Jonathan shot her a frustrated glare. "They can't both be true."
"I think they can," Martha said softly.
"You're wrong this time, Martha. You should have heard him."
"Oh, good Lord." Martha sighed and leaned against the counter. "Don't start that again."
"'Luthors do whatever they like to whomever they like.' He actually said that!"
"I've always judged a person by their actions." Martha met Jonathan's eyes squarely. "And so have you."
"Fine." Jonathan grabbed her hand and dragged her back into the living room. "You want to see actions?" Letting go of her hand, he snatched up the remote and jabbed the play button. "This is the tape I took from Lex's friend Roger."
Martha stared at the screen, recognizing Clark and Lex despite the poor quality of the grainy grey images. "What on earth is this?"
"Video from the security camera in that damn garage."
"Oh, my God," Martha whispered as Lex lifted his weapon. "Jonathan, turn it off."
Please.
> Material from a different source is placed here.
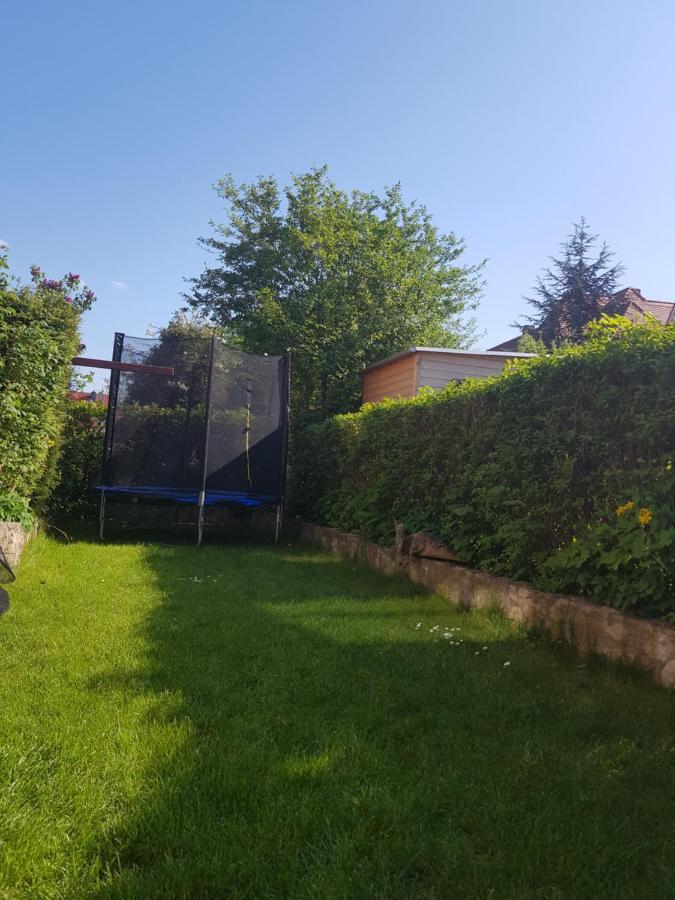 Apartment Am Suedpark Erfurt - Inkl Garten Mit Sitzlounge - Zentrumsnah Εξωτερικό φωτογραφία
You think I don't see how your parents look at me? How half this town looks at me?
Please. You think I don't see how your parents look at me? How half this town looks at me?
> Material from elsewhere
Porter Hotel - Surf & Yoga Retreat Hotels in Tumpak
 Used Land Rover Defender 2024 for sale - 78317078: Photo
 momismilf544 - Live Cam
"You wanted to see him in action," Jonathan said grimly.
"This isn't Lex and you know it!"
Friendship is a fairy tale ...
Friendship is a fairy tale ...
"Are you sure? What do we know about him that isn't against everything we believe in?"
You're just like everyone else ...
You're just like everyone else ...
"Turn it off!" Martha hid her face in her hands as the sound of gunfire rang from the tinny speakers, unable to stand the sight of Clark writhing under the impacts of a dozen bullets. She felt rather than saw Jonathan move toward her, but before he could reach her, a strange wind whipped her hair around her face. Looking up quickly, she saw Clark, flushed and furious, standing in front of the dark, silent television with the power cord dangling from his hand.
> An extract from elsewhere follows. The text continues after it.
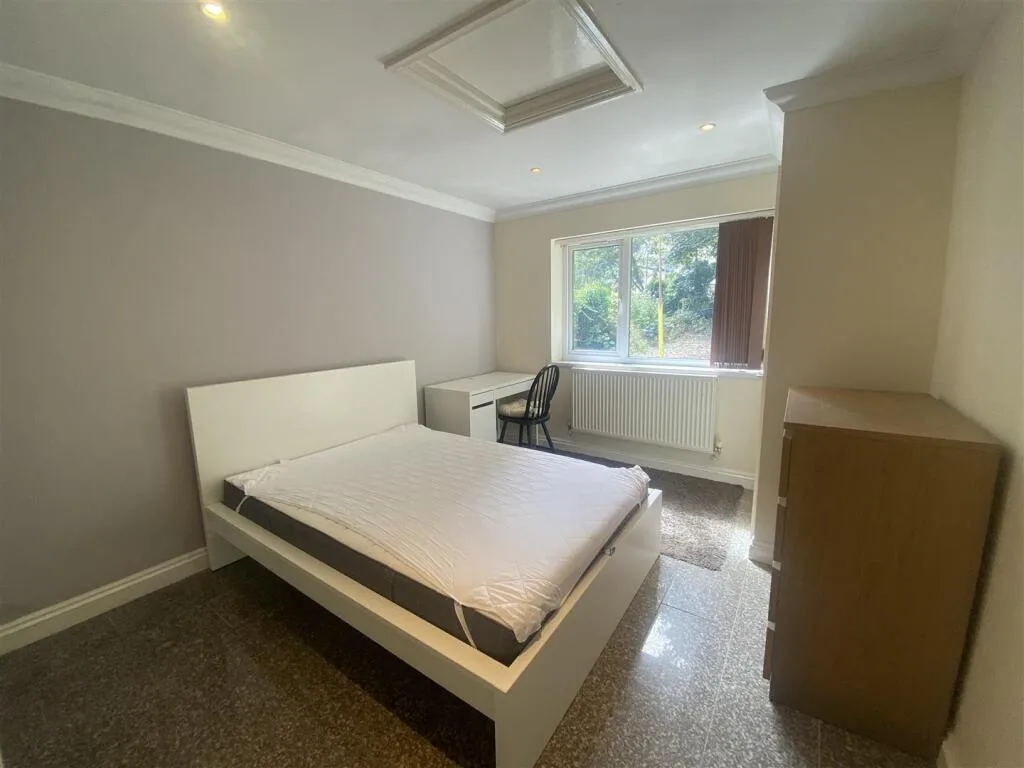 6 bedroom house for rent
"What do you think you're doing?" he hissed to Jonathan.
Jonathan sighed. "Clark. I thought your mother should see--"
"Lex, don't go," Clark rasped, his eyes focused on something over Jonathan's shoulder.
Martha turned in time to see Lex, eyes wide and deathly pale, back away toward the kitchen, his eyes still fixed on the television screen. Then he turned and bolted out of sight. The sounds of something jarring the kitchen table and the door slamming cut through the ensuing silence. "Oh, good Lord," Martha muttered. Great. Last night's nightmare had followed them into broad daylight.
"I can't believe you did this." Clark was shouting now, shouting at his father. Clark never shouted at his father. "What are you trying to prove?"
"Calm down, son." Jonathan tried to lay his hands on Clark's shoulders, but Clark pushed him away with a violence that made Martha gasp. Jonathan staggered back with an amazed expression.
"Like he isn't beating himself up enough over everything that's happened! You had to shove this in his face?"
"I didn't know you two were awake," Jonathan grated, and Martha saw the regret in his eyes. "I wouldn't have--"
"Yes, you would. You threatened to punch him last night. Now you've done it. Feel better?"
Jonathan flushed as his expression hardened. "Lower your voice, young man."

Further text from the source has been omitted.